With that in mind, let’s take a look at the different types and sizes of hooks for bluegill fishing, and what considerations to make when choosing the right one for your setup.
Eye – the eye of the hook is the small, round circle at the top end of the hook where you tie your fishing line.
Shank – the shank is the long, often straight part of the hook between the eye and the bend.
Bend – the bend of the hook, as the name implies, is where the hook forms a U shape at the bottom.
Point – the point is the sharp end of the hook that pierces the fish’s mouth.
Barb – the barb is the sharp projection opposite of the point that keeps fish from coming off the hook.
Gap – the gap is the distance between the point of the hook and the shank.
Styles of Hooks
Fishing hooks come in a wide variety of shapes and sizes. Fortunately for bluegill fishing, there are really only a few types of hooks you need to know: bait holder hooks, circle hooks, aberdeen hooks, and carlisle hooks. While the names may not be familiar to you, you’ll probably recognize the common shapes of these hooks.
Bait Holder Hooks
As the name implies, bait holder hooks are designed with one primary function in mind — keep your bait on the hook! They do this with small barbs along the shank of the hook which keep your bait from sliding off.
While the bait holder hook is effective at what it’s designed for, those barbs can cause additional damage to a fish when removing the hook from its mouth. If you plan on releasing some of the fish you catch, then you may want to consider one of the other hook options.

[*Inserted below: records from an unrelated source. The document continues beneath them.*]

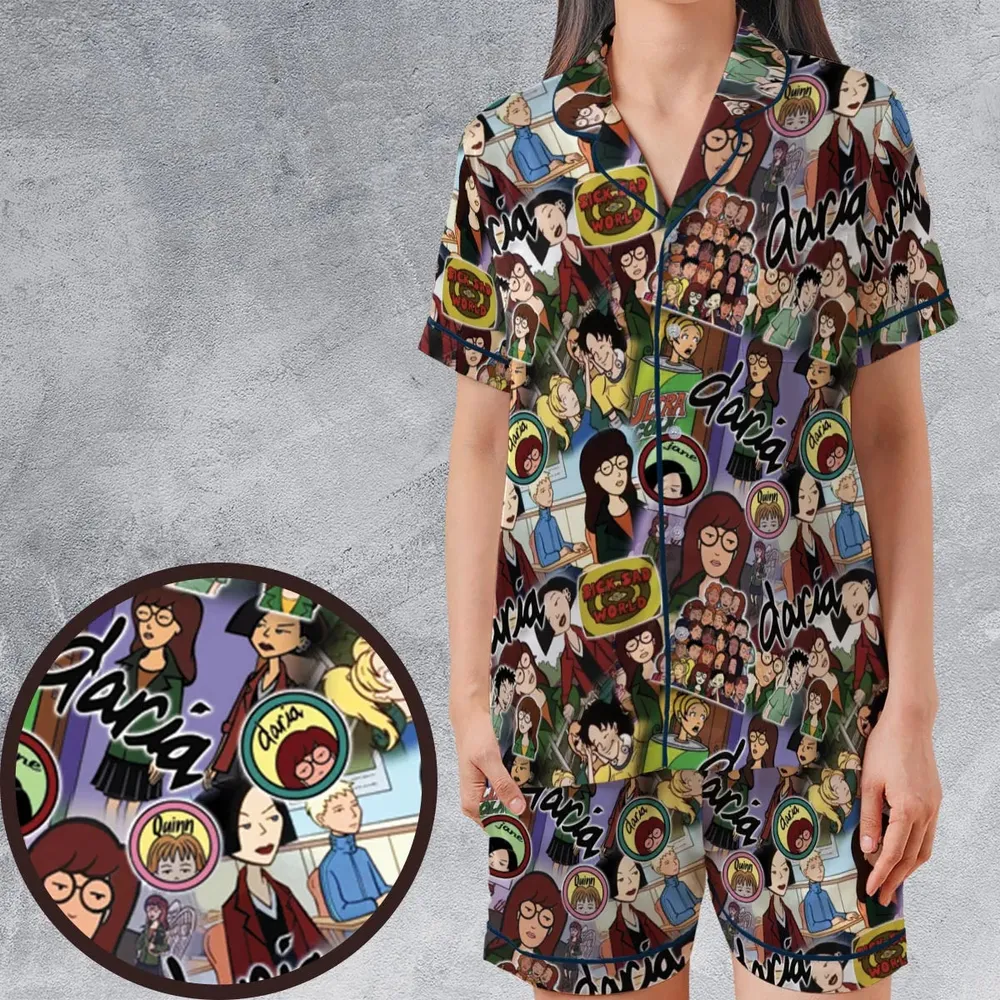 Sick Sad World Daria Satin Short-Sleeve Pajamas Set - 1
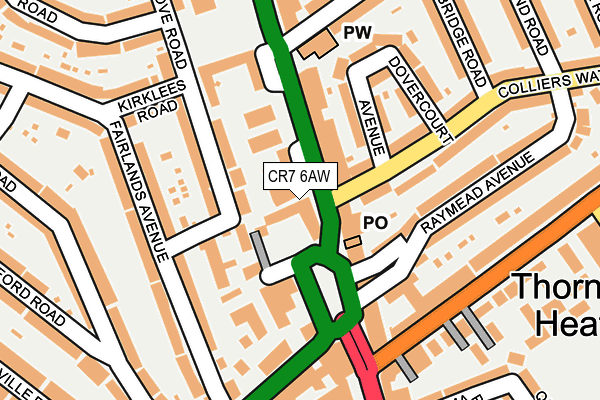 CR7 6AW map - OS OpenMap – Local (Ordnance Survey)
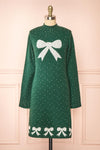 Cutiesmax Holidays Green Dress w/ Bows & Crystals | Boutique 1861 front view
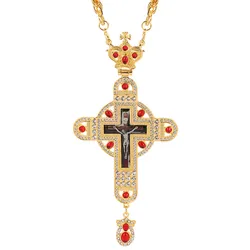 Orthodox Cross Pectoral Jesus Priest Church Necklace Rhinestones Chain Religious Jewelry Pastor Crucifix Prayer Items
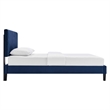 Maklaine Modern Performance Velvet Full Platform Bed in Navy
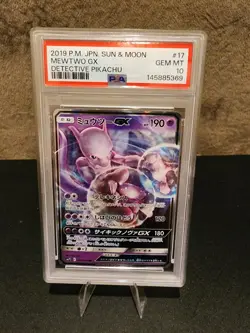2019 POKEMON Japanese sun & MOON DETECTIVE PIKACHU #17 MEWTWO GX PSA 10 - Image 1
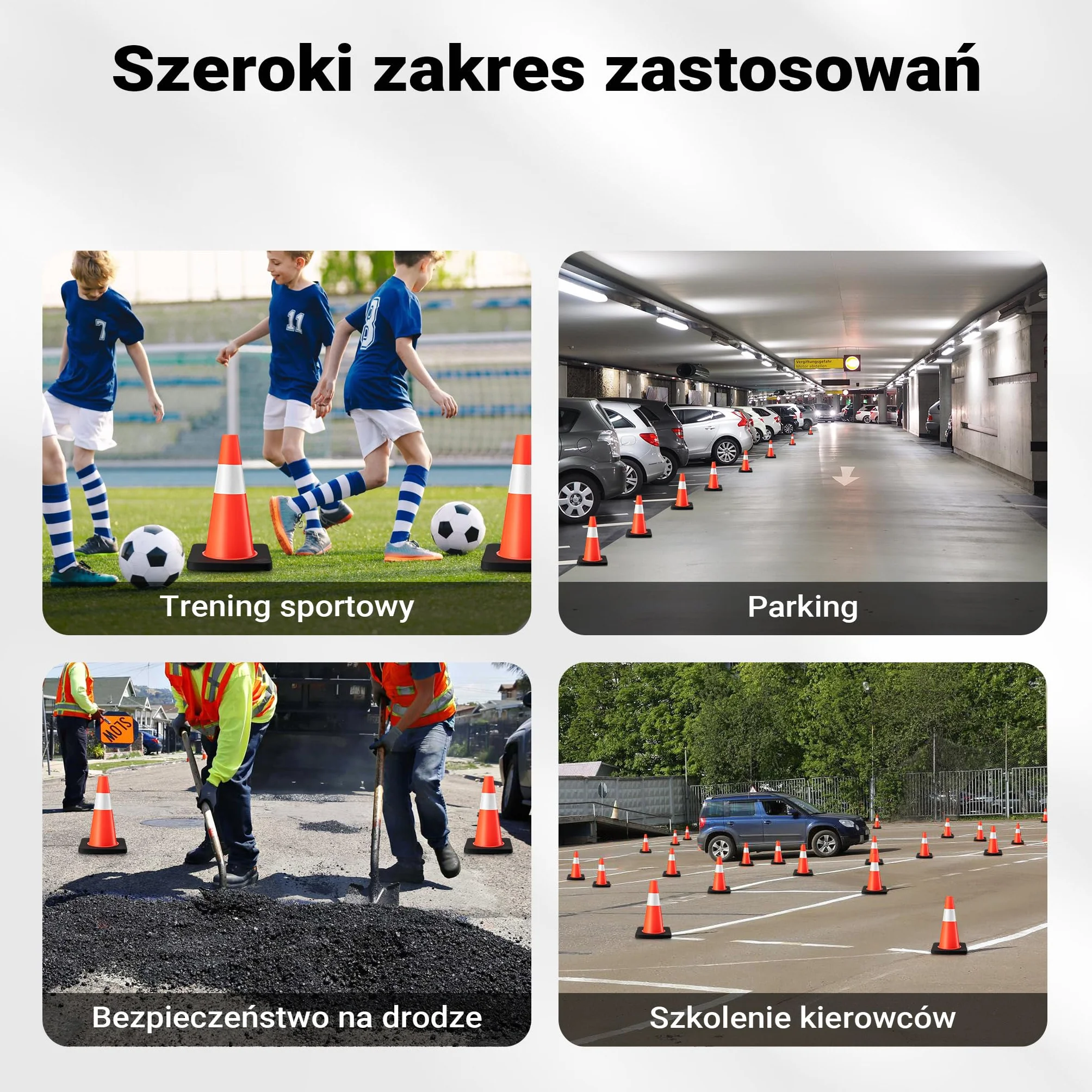 Wiltec Pachołek drogowy 45 cm pomarańczowy odblaskowy stożek ostrzegawczy PVC guma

Circle hooks have a unique shape designed to hook fish in the corner of the mouth. As the name implies, instead of being the typical “J” shape, the bend on a circle hook sweeps around and points back toward the shank of the hook. The unique design reduces gut hooking and increases the odds of a released fish surviving.
The downside to circle hooks is that they take some time to get used to. You don’t want to set the hook in the same way you would with a traditional hook. Instead, you have to allow the fish to take the bait and then set the hook using steady pressure.

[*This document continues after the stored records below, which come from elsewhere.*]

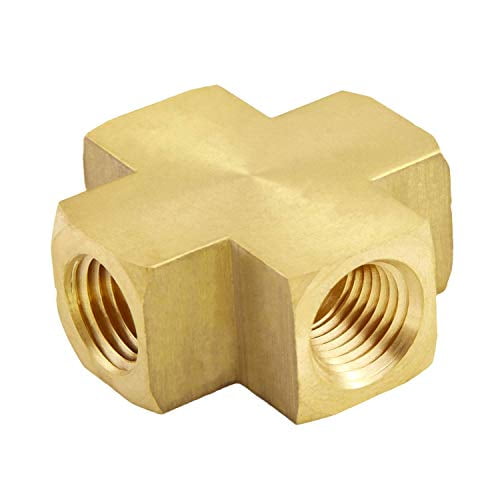 4 Way Cross BSP 1/4" Female Thread Brass Connector Fitting Pipe Adapter Thick 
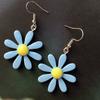 New Minimalist High-end Earrings, Simple and Fresh, with Drop Glue, Daisy Flowers, Contrasting Colors, Sunflower Accessories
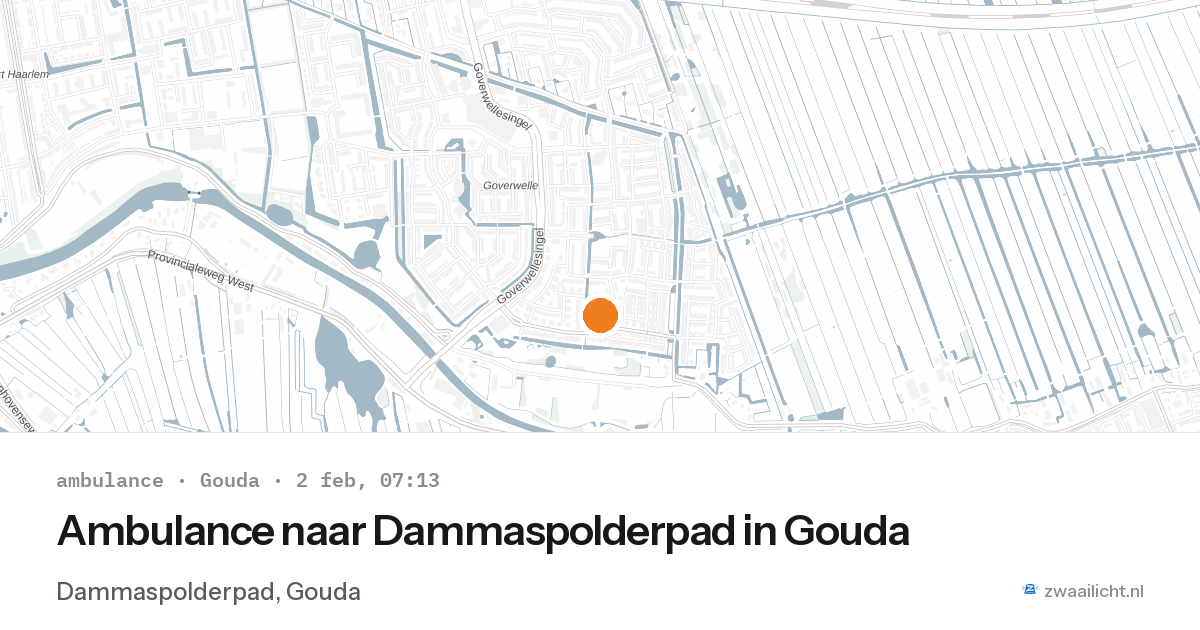Ambulance naar Dammaspolderpad in Gouda — 2 feb 2026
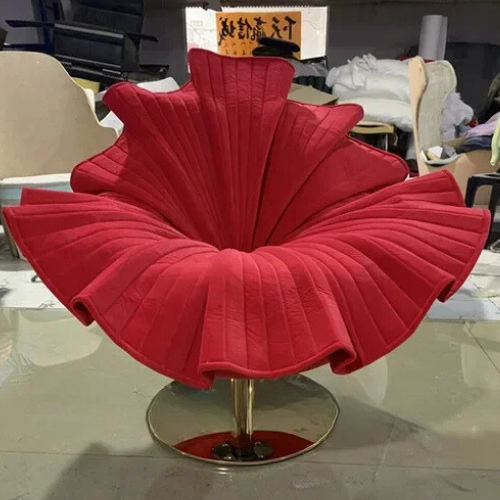 Designer Single Petal Modern Flower Chair - Light Luxury Rotating Leisure Chair, Creative Furniture for Living Room or Lounge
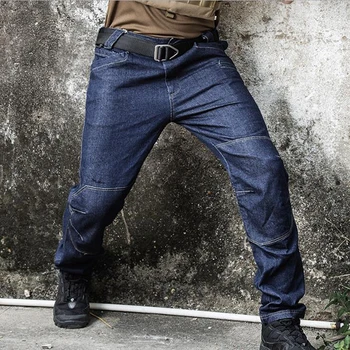 Походные джинсы, мужские городские Повседневные брюки-карго, военно-тактические тренировочные брюки, мужские эластичные Тонкие брюки с несколькими карманами.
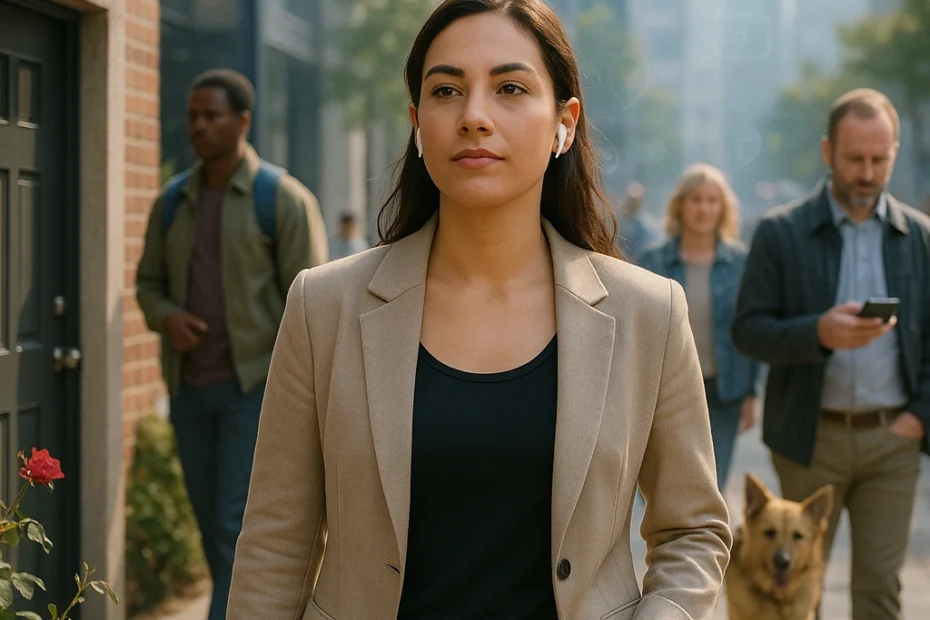 A confident young woman walks through a modern city street with one earbud in and her phone tucked away, demonstrating awareness and proactive behavior related to personal safety; around her, subtle elements like a motion-sensor light, a rose bush, and background figures reinforce a theme of alert, empowered urban living.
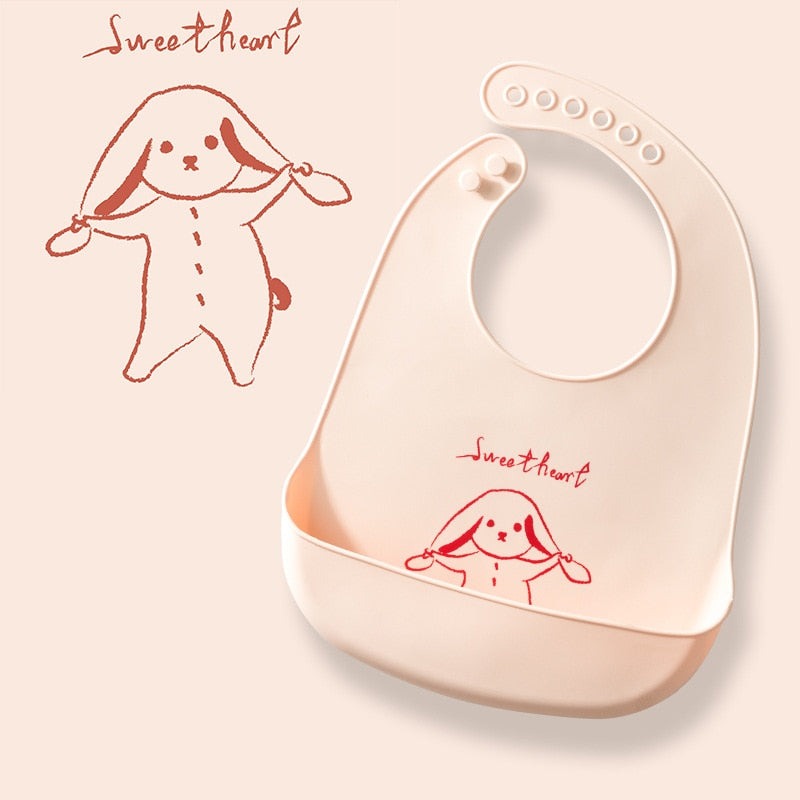 Silicone Adjustable Cute Print Bib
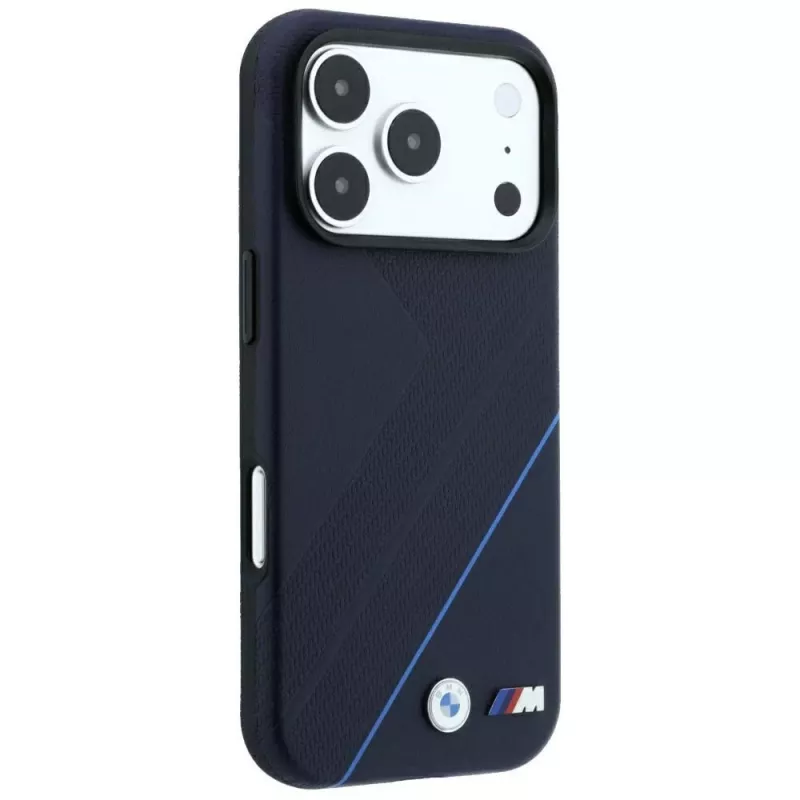 Capa MagSafe BMW M Tire Track Blue Line para iPhone 18 Pro Max / 17 Pro Max - Azul-marinho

When I think of all the bluegill fishing I did growing up, it’s the Aberdeen hook that I remember using most. And it’s still my go-to for panfish. The Aberdeen hook is your traditional “J” shaped hook with a relatively long shank. The wire used for Aberdeen hooks is thin, which minimizes damage to the fish, and allows the hook to bend rather than break your line if you get it hung up in brush.

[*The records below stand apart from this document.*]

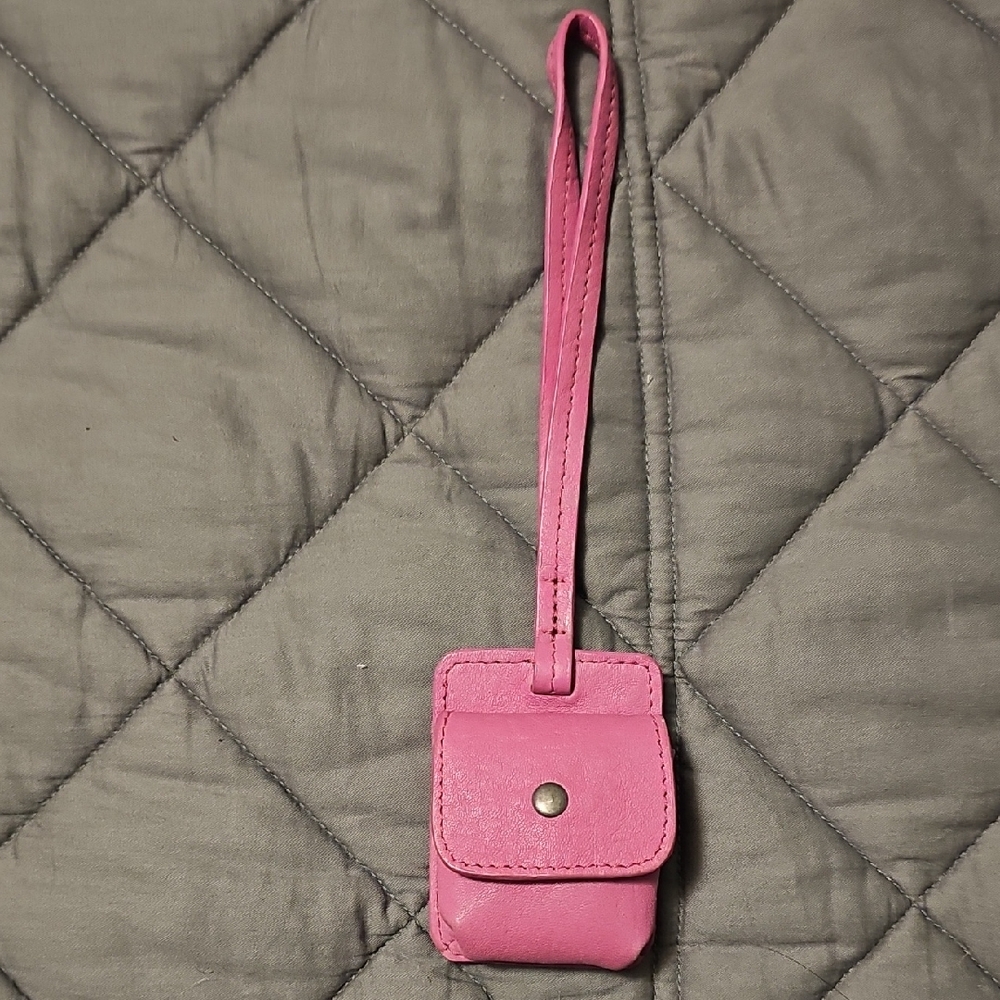 Free People Pink Leather Airpod Holder/ Change Purse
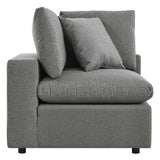 Linden Overstuffed Outdoor Patio Sofa in Charcoal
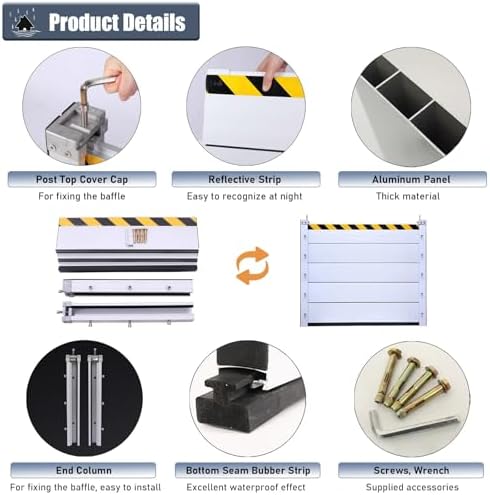 High Flood Control Baffle 100cm Yard Gate Flood Barrier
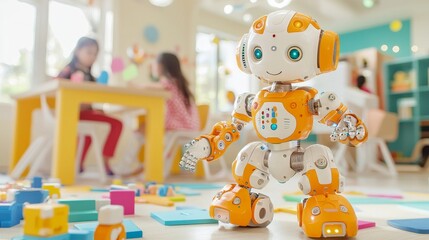 Obraz premium Friendly Robot in a Colorful Classroom: A friendly, yellow and white robot interacts with children in a bright and colorful classroom setting, promoting themes of education, technology, and play. The 
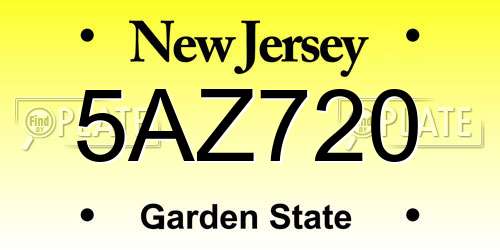 5AZ720 New Jersey License Plate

The Carlisle hook is very similar to the Aberdeen hook, but often with a longer shank and a more narrow bend. You’ll sometimes see them referred to as a cricket hook, but the long shank also makes it perfect for threading on worms. The biggest benefit to the Carlisle hook is that the narrow bend helps to keep your bait on the hook.
Best Size Hook for Bluegill
Hook size is another important factor when choosing the best hook for bluegill fishing. Choosing the correct hook size is critical to ensuring you’re able to set the hook, ensuring the fish stays on the hook, and ensuring you don’t end up killing a fish you intended to release.
Hook sizing can be a little confusing as there is no industry standard. That means that two hooks labeled the same size from two different manufacturers may not be the same size. In general, the smaller the number, the larger the hook. So a size 4 hook is much larger than a size 10 hook. Once you get to a size 1 hook the numbers then go to 1/0 (pronounced “one aught”), 2/0, 3/0, etc. So a 4/0 is bigger than a 3/0 and smaller than a 5/0.
Not confusing at all, huh?
The good thing for bluegill anglers is that they really only need to know and use a few hook sizes. In most cases, you’ll be using a hook somewhere between size 2 and size 10, with a size 6 hook being ideal.
Research on hook size out of Wisconsin found that large hooks (size 2 to 1/0) are more likely to hook a fish in the eye, and small hooks (sizes 10 to 14) were more likely to be swallowed, resulting in a gut hook. Size 6 hooks were found to be most effective in reducing the chances of fish injury or death.
When it comes to catching bluegill and other panfish, choosing the right hook is an important part of tackle selection. And while there is no single hook that is always the best choice, my hope is that this article will help you choose the right hook for your specific circumstances. If all else fails, you can’t go wrong with a size 6 Aberdeen!